1 - The Inciting Incident

Since the beginning of the year, I have been following the Raytracing In One Weekend series, writing a raytracer in Zig. It has been a great learning experience and if you are into graphics programming at all, I highly recommend it.
At the end of book two, you are left with a functioning, albeit very basic, single threaded raytracer that is capable of quite a broad range of light simulation techniques - including subsurface scattering, which is more than I expected.
Still, my current focus is on bringing 3D graphics to the web, and fast. In order to do that, I was going to need help from the GPU.

As it turns out, people have been doing raytracing on the web for years now. I found this very cool example project "webGL2 - Path racing a lot of polygons - fast" which is now about 8 years old. The page is little more than a feature demo, not a detailed discussion of the technique and implementation, nevertheless I found the results intriguing enough to dig into the code itself.

One of the techniques that jumped out immediately, was the use of PNG images to transfer the polygon data that is being displayed. Since the raytracing happens inside a fragment shader, a full-screen rectangular plane is rendered to create a fragment for every pixel.
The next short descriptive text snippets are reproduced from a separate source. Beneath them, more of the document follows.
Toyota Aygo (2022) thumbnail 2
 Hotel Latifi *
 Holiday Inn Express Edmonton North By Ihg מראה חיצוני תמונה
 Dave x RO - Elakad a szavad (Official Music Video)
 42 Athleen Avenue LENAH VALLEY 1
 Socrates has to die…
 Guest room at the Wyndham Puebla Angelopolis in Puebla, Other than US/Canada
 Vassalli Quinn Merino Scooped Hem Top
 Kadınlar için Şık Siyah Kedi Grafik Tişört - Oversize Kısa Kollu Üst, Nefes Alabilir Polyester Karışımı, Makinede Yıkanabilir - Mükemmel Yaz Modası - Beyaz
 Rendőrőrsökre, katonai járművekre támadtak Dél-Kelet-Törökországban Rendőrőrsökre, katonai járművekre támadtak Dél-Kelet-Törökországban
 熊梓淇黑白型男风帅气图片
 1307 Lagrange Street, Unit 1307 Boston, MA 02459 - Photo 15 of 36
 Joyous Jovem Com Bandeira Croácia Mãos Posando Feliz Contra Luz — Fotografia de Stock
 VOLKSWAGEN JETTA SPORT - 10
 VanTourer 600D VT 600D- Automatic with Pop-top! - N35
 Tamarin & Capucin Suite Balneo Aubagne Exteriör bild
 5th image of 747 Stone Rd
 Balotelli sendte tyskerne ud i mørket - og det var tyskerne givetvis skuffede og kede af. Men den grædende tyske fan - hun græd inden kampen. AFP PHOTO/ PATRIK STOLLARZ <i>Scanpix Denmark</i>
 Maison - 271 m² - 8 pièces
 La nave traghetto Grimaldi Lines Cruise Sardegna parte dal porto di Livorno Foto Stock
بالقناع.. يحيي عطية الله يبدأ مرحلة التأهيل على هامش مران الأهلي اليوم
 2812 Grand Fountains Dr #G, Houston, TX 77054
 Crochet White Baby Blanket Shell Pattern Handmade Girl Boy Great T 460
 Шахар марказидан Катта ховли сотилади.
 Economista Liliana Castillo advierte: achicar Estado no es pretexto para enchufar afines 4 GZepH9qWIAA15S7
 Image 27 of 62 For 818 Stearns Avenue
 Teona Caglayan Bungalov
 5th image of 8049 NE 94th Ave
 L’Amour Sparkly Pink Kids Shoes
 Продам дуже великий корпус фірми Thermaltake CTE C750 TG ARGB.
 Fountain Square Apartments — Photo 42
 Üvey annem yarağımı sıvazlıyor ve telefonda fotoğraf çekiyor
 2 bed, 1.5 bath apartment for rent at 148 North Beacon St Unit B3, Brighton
Then, all the geometry detail is created in the fragment shader, by pathtracing triangles that are read from two textures:

The "Grid Texture", containing the description of a 128 * 128 * 128 grid, where every grid cell contains the number of triangles that are contained within the cell, as well as a 2D coordinate into a second texture:
The "Triangle Texture", which lists triangles in RGB triplets. One pixel has 3 color components, which is enough to describe a vertex - 3 pixels are enough to store the three vertices of a triangle.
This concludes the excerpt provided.